Glasier, analyzing data from one study sponsored by the US National Institutes of Health and another sponsored by HRA Pharma, found that the risk of pregnancy in women using levonorgestrel pills increased significantly if a woman had a body mass index of 30 or higher—which the US Centers for Disease Control considers obese.

On Tuesday, HRA Pharma CEO Erin Gainer explained the company’s decision further to Mother Jones. When HRA statisticians reviewed the data Glasier used for her analysis, Gainer says, they confirmed Glasier’s findings about BMI—but they also found that their products’ failure correlated even more strongly with weight, regardless of a woman’s height.

“We were surprised,” Gainer says. “But the findings were really quite striking from a statistical point of view.” She adds that weight is easier for health care providers to discuss with their patients. “People don’t walk down the street knowing what their body mass index is,” she says.

HRA Pharma has not made its analysis public. But based on the media uproar after I first revealed Norlevo’s new guidelines, Gainer says, “We’re thinking now about how best to publish these findings.”

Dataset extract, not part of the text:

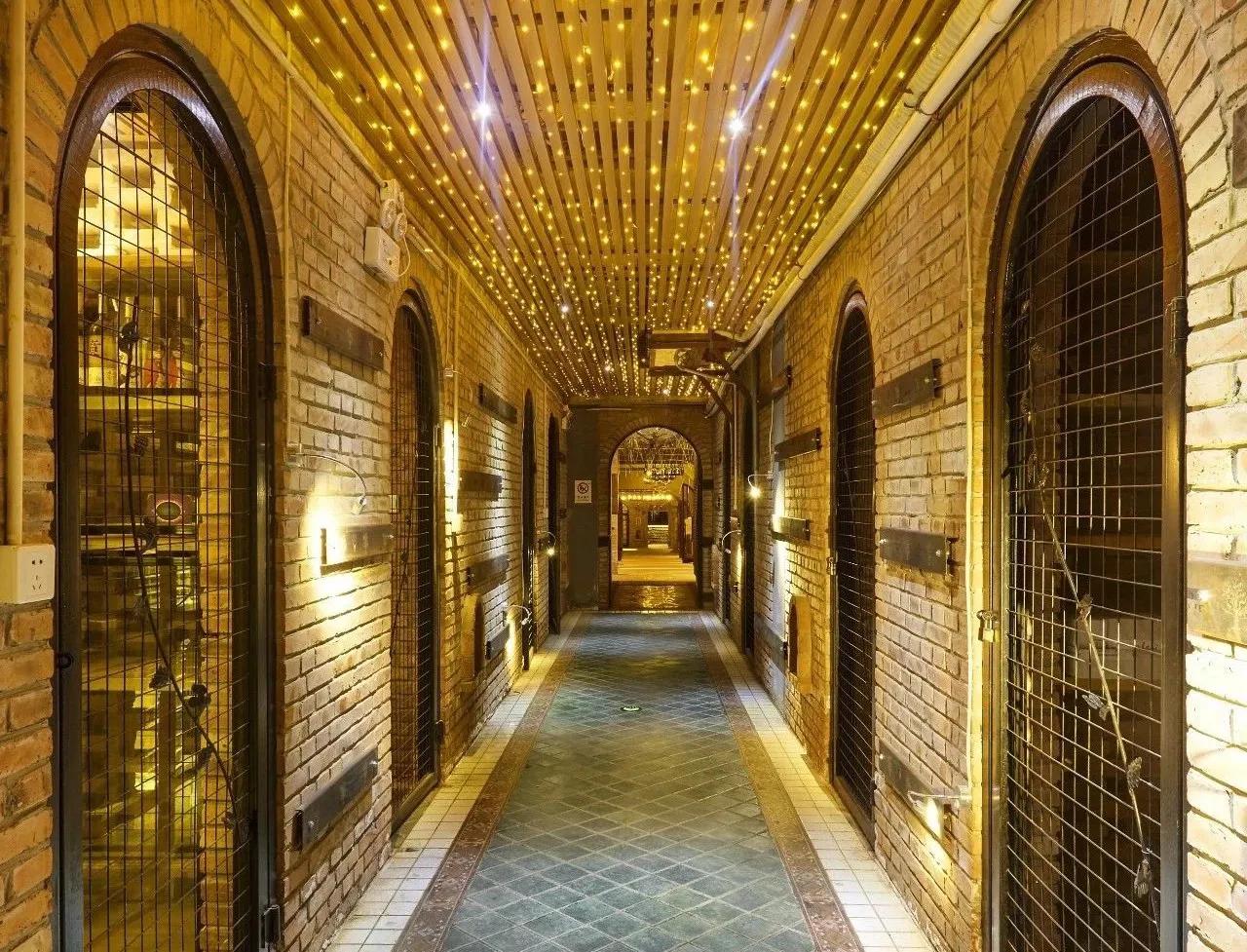 樱桃熟了春天的气息,樱桃熟了踏青采摘乐享乡村游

A New York Times article highlights another change HRA Pharma will make to the leaflets included with Norlevo: the new leaflets will say that Norlevo “cannot stop a fertilized egg from attaching to the womb.” This is significant because it contradicts assertions made by abortion opponents in their lawsuits against the Affordable Care Act’s birth control mandate—the so-called “Hobby Lobby” cases that the Supreme Court on Tuesday agreed to hear this spring. The Times’ Pam Belluck explains:

The cases coming before the Supreme Court involve corporations that object on religious grounds to the health care law’s requirement that employers provide insurance coverage for contraception, including emergency contraception. The cases are based on the claim that some types of contraception, including Plan B One-Step, prevent fertilized eggs from implanting in the womb, tantamount to an abortion.

While labels of Plan B One-Step and related pills, which contain the drug levonorgestrel, say they work mostly by blocking the release of eggs before fertilization, they also say the drugs may inhibit fertilized eggs from implanting in the uterus.

Last year, the New York Times reported on new evidence that emergency contraceptive pills do not prevent implantation of a fertilized egg and the FDA now tentatively agrees with their assessment. But HRA Pharma appears to be the first drug company to adjust its labels accordingly—a significant data point against the abortion foes appearing before the Supreme Court.

In her research, Glasier did not determine why the effects of levonorgestrel diminished as BMI or weight increased. She published her research in the international peer-reviewed journal Contraception.

The FDA is investigating whether US emergency contraceptives that use levonorgestrel must change their labels.

Diana Blithe, a contraceptive researcher at the National Institute of Child Health and Human Development and an author of one of the studies Glasier analyzed, told NPR on Tuesday that she supports such a change. “I think it is incumbent upon American manufacturers to put that information on the label now that they’re aware of it,” she said.

But Glasier told CNN that she was still skeptical of warning heavier women not to use Norlevo or similar drugs. “You are probably better to take [levonorgestrel emergency contraceptive pills] after unprotected sex than just to leave it to chance even if you are obese,” she said.